Il n'est pas normal qu'une entreprise saine tombe à cause de ses factures d'énergie.
Dans cette situation très difficile, le président de l’UCM estime que les autorités ne sont pas à la hauteur. “Le Premier ministre a dit qu’il n’est pas normal qu’une entreprise saine tombe à cause de ses factures d’énergie. OK, très bien. Mais chaque fois que nous demandons une mesure, que ce soit un moratoire sur les coupures d’énergie ou une révision du test de solvabilité des entreprises, la réponse est négative. Cela commence à être très compliqué.”

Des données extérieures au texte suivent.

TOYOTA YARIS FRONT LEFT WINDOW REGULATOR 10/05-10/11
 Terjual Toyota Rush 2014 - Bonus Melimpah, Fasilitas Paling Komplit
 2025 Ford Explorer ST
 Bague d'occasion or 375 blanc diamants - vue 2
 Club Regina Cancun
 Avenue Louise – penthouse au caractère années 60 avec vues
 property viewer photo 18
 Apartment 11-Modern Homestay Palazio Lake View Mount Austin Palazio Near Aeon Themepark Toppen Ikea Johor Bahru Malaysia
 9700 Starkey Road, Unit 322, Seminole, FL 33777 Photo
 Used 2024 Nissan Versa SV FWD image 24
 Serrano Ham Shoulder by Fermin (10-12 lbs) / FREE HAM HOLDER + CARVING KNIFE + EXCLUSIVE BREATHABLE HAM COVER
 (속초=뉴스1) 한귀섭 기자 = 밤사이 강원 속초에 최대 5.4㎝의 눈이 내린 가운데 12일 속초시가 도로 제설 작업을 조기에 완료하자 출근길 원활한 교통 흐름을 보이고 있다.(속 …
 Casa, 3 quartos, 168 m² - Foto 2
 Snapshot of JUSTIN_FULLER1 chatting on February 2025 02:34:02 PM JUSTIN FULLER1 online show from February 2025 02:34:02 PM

”Les indépendants ont droit au respect”
“Les indépendants ont droit au respect, scande Pierre-Frédéric Nyst. On est pratiquement K.-O. debout et on n’a pas de défense. Allez expliquer aux indépendants qui n’ont commis aucune faute de gestion qu’ils vont sans doute se casser la figure parce qu’ils ne vont pas absorber le choc énergétique et qu’ils vont se taper plus de 10 % d’indexation des salaires début janvier, et que cette indexation ne sera pas autant compensée que ce qui avait été annoncé. On ne peut pas parler d’indexation défiscalisée. On assiste à une dilution des responsabilités. L’État qui dit : je ne suis plus propriétaire de l’énergie, je ne peux rien faire. Elio Di Rupo qui dit : tout va bien, la Wallonie se porte bien, il faut avoir un discours positif. Alors que nous, indépendants, nous sommes en train de crever et qu’il n’y a pas 1 balle pour nous. Et David Clarinval, vu les réformes de l’État, qui ne sait plus faire que des aides indirectes comme des reports d’allocations.”
Mais qui va y gagner, finalement ? Les grandes surfaces ! À terme, on va tous manger du pain carré mou emballé dans du plastique.
Le représentant des classes moyennes craint que l’on se dirige “vers un système où seuls les plus grands pourront s’en sortir”. “Dans ma commune, il y a deux boulangers, ils sont vraiment mal, illustre-t-il. Ils ont un peu augmenté le prix de certaines viennoiseries, mais pas celui du pain, et ils se demandent s’ils ne vont pas fermer une partie de la semaine. Mais qui va y gagner, finalement ? Les grandes surfaces ! À terme, on va tous manger du pain carré mou emballé dans du plastique. Les petites structures, qui créent de l’emploi et qui ne délocalisent pas, vont fermer. Est-ce que demain on veut une fracture sociale, une fracture alimentaire avec, d’un côté, les riches qui iront chercher leur steak à la ferme et leur pain hors de prix à la boulangerie et, de l’autre, les moins nantis qui se contenteront d’aller faire leurs courses chez Lidl et chez Action et dont les enfants ne sauront plus ce qu’est un pain artisanal. En même temps, on nous dit qu’il faut relancer les métiers en pénurie, attirer les artisans. On met le projecteur sur des métiers qui sont en train de mourir et on ne les aide pas. C’est totalement incohérent.”
”Le 1er janvier, cela va être la catastrophe”
“Veut-on favoriser Comeos et la grande distribution ? demande M. Nyst. Ou bien estime-t-on qu’à côté d’une forme de grande distribution il y a encore de la place pour des plus petits, des artisans ? Si la réponse à cette question est positive, alors il y a des décisions à prendre, au lieu de se renvoyer la balle entre niveaux de pouvoir. Le 1er janvier, cela va être la catastrophe. Le Premier ministre nous dit qu’il n’a pas de baguette magique. Nous disons qu’il doit plutôt prendre une baguette de chef d’orchestre et commencer à aller voir les banques, qui ne jouent pas le jeu ; aller trouver les fournisseurs d’énergie. On n’est pas respectés, c’est incontestable. On ne demande pas de sous au Premier ministre, mais un ensemble de solutions qui permettent de traverser la crise. On est en train de nous endormir. Ajoutez à cela l’épuisement et les problèmes de santé mentale des indépendants et vous comprendrez que c’est compliqué de garder la tête froide. C’est le dernier moment de calme avant la tempête.”